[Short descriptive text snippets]
|---|

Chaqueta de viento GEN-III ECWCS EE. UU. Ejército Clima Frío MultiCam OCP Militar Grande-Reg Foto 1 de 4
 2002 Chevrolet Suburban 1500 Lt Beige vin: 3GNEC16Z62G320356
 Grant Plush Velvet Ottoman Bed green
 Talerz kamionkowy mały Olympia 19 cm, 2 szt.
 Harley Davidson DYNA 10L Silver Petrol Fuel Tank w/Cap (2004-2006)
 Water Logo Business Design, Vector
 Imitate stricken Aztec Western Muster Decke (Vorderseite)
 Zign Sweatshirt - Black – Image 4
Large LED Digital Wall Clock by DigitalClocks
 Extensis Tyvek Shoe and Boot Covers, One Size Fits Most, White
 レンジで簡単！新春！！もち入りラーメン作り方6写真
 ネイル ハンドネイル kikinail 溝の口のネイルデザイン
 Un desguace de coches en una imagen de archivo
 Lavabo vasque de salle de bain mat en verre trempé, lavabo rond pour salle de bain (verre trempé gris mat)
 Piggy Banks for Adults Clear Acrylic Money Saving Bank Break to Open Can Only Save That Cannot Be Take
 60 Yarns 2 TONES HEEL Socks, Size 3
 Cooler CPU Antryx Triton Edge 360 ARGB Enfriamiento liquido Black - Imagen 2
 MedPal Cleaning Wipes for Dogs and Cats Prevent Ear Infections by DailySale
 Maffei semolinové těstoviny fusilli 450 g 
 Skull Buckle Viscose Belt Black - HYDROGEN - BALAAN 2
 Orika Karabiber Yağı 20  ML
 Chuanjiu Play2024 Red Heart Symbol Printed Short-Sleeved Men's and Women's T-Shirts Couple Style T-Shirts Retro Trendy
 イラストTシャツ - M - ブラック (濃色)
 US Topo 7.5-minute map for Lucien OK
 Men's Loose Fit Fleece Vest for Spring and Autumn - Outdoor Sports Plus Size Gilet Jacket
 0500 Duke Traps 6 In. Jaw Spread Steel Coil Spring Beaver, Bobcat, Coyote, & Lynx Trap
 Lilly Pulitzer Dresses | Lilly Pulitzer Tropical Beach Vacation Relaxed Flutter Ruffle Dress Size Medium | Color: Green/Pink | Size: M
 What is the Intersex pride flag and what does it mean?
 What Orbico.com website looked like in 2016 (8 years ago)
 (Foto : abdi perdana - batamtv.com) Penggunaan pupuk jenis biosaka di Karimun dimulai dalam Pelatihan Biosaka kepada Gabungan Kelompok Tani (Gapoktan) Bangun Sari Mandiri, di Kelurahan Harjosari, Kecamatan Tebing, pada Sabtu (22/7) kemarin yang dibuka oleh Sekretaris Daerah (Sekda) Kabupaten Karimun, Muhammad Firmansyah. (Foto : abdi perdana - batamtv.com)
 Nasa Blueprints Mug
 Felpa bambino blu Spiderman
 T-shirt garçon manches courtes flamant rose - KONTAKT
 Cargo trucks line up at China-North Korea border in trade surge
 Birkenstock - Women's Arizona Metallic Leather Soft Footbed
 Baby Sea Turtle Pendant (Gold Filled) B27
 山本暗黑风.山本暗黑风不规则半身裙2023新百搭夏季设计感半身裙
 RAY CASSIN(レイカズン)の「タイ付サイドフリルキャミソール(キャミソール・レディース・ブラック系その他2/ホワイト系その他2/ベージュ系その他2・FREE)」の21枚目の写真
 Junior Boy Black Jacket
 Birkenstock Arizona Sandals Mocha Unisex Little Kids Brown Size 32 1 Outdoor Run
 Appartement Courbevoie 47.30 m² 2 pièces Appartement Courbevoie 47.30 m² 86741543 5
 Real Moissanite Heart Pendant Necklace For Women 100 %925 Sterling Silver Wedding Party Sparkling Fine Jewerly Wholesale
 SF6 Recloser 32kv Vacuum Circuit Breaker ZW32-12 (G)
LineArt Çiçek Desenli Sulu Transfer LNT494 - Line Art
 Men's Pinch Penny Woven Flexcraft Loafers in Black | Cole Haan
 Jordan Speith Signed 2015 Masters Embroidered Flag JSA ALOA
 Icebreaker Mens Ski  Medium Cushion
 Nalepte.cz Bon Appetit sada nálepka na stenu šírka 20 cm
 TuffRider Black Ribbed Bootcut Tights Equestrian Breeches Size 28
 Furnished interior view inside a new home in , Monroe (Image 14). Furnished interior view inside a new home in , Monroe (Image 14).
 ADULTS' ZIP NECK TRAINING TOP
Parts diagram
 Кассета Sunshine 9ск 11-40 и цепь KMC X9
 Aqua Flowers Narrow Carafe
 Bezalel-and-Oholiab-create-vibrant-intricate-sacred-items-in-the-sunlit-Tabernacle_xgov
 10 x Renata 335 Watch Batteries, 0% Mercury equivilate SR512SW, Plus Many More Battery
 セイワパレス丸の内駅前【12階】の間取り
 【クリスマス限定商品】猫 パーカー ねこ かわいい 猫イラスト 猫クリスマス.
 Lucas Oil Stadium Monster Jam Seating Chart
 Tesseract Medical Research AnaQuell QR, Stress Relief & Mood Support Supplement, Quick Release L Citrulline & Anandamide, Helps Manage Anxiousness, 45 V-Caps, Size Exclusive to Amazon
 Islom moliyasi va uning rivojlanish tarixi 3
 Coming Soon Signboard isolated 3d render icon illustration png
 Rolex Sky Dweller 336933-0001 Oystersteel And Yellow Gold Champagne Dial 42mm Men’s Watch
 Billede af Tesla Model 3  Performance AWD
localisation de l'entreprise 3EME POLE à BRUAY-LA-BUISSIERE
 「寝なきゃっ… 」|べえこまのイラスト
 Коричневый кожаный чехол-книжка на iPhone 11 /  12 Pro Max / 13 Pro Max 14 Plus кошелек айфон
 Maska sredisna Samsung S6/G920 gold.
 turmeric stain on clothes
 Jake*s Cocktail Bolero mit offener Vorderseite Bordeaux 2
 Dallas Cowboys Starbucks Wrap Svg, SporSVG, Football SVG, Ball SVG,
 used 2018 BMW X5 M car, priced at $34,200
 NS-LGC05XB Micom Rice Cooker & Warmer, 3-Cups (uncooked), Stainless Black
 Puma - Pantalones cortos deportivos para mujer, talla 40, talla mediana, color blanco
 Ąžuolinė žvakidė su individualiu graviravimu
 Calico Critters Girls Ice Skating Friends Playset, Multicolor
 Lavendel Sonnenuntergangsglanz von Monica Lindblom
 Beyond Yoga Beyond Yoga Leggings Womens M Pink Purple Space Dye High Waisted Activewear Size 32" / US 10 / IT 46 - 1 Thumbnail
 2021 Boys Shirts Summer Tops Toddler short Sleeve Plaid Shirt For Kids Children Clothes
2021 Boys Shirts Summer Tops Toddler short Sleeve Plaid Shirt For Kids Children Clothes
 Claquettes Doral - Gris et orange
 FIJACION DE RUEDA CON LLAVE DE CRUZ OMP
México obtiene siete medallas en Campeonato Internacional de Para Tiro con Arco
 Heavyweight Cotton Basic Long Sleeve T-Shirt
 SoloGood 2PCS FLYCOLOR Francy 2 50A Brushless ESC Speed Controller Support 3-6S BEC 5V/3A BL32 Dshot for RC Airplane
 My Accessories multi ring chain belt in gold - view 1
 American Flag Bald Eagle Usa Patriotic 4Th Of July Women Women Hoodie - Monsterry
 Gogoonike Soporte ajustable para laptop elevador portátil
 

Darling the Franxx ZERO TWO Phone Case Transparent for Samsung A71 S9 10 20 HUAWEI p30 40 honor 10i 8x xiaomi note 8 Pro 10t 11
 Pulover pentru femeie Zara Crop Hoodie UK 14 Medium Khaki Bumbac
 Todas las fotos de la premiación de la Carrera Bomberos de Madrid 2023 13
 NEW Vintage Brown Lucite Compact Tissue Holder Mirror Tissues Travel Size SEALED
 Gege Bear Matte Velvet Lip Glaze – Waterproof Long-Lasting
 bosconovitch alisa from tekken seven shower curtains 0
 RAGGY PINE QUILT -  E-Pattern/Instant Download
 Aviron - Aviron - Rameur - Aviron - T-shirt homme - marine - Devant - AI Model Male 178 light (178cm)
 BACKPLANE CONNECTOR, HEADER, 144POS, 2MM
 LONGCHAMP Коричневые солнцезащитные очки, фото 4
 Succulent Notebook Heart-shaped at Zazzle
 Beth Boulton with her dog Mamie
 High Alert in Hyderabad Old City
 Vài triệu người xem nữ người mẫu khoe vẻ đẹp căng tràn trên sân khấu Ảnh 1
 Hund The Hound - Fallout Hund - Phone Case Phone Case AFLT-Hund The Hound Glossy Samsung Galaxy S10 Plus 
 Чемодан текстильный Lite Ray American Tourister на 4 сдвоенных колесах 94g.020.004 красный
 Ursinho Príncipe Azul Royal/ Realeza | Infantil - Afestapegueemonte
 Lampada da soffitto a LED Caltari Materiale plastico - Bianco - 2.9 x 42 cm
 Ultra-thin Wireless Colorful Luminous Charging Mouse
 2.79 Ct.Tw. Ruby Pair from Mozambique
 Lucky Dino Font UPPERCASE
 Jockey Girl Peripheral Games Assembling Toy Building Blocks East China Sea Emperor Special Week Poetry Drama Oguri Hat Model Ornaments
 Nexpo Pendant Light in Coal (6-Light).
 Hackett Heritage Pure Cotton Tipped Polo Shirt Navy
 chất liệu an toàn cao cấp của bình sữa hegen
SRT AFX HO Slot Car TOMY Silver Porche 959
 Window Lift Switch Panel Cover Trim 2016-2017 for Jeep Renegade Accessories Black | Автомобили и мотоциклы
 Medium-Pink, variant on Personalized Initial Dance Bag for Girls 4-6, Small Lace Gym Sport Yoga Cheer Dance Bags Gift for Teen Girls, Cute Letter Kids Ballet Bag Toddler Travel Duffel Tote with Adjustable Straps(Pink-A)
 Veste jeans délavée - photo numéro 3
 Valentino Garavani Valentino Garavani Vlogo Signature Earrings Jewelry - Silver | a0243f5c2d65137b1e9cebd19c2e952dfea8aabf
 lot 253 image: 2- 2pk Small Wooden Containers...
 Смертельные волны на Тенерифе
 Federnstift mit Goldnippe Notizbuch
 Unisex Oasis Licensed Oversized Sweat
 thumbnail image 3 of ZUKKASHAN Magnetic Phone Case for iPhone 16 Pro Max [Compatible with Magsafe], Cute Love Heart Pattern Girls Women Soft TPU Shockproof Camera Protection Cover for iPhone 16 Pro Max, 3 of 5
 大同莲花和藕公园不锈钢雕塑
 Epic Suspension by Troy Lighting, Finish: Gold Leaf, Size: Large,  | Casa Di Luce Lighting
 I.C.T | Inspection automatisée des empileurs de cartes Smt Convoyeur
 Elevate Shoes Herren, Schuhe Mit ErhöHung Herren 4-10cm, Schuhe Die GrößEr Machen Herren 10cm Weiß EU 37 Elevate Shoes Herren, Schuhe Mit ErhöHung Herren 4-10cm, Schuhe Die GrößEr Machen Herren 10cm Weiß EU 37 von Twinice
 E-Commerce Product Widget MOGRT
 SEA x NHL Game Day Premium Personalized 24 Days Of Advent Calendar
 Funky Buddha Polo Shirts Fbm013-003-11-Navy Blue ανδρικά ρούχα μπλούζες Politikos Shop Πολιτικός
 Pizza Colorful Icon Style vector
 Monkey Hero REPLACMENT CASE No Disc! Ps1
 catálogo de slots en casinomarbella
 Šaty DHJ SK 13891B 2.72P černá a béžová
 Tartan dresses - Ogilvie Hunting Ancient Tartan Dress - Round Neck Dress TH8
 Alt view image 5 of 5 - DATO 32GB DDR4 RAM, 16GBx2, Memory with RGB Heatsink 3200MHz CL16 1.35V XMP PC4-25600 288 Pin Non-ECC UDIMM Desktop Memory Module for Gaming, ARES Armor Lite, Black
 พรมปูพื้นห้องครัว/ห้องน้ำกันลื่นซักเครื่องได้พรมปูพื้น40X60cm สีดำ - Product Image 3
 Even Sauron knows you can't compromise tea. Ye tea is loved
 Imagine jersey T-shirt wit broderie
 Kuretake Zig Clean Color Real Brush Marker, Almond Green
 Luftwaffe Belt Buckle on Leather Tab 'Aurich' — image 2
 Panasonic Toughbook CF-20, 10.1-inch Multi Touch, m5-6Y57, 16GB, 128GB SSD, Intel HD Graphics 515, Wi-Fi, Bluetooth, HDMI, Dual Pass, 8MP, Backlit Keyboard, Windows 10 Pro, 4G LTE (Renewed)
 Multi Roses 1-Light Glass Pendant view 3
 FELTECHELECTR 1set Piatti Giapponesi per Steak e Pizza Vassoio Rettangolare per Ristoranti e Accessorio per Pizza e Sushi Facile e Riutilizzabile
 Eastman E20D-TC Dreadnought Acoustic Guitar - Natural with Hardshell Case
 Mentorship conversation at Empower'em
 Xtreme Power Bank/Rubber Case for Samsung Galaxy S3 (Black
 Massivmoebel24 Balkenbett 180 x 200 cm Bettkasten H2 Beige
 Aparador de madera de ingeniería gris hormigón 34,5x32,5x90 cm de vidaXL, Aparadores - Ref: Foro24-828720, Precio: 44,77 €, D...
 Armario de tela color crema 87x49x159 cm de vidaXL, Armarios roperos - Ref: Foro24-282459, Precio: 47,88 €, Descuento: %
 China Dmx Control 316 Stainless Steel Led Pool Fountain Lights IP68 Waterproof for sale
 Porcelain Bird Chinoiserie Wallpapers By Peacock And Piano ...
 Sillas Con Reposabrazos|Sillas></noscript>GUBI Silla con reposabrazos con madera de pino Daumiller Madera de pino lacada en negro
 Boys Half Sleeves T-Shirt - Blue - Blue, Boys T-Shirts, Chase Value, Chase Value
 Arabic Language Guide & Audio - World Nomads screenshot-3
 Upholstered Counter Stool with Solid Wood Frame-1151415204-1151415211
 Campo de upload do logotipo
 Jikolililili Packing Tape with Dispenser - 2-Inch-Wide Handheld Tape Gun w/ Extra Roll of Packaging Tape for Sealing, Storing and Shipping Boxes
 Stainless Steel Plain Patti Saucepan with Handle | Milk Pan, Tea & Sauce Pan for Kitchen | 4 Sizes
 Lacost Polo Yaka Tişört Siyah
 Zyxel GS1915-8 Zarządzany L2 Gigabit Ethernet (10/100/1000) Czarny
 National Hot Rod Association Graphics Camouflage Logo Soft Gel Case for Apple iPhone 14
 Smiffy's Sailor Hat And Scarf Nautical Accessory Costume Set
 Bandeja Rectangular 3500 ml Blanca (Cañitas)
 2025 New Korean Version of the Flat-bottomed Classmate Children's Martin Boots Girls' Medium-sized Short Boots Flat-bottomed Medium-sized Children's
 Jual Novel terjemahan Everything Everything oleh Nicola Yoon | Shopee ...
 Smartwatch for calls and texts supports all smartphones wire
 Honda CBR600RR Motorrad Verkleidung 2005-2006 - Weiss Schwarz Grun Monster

|---|

Aim of the exercise: Looking at the data above, say how many lines contain the word "vidaXL", with no added words.

Answer to this exercise: 2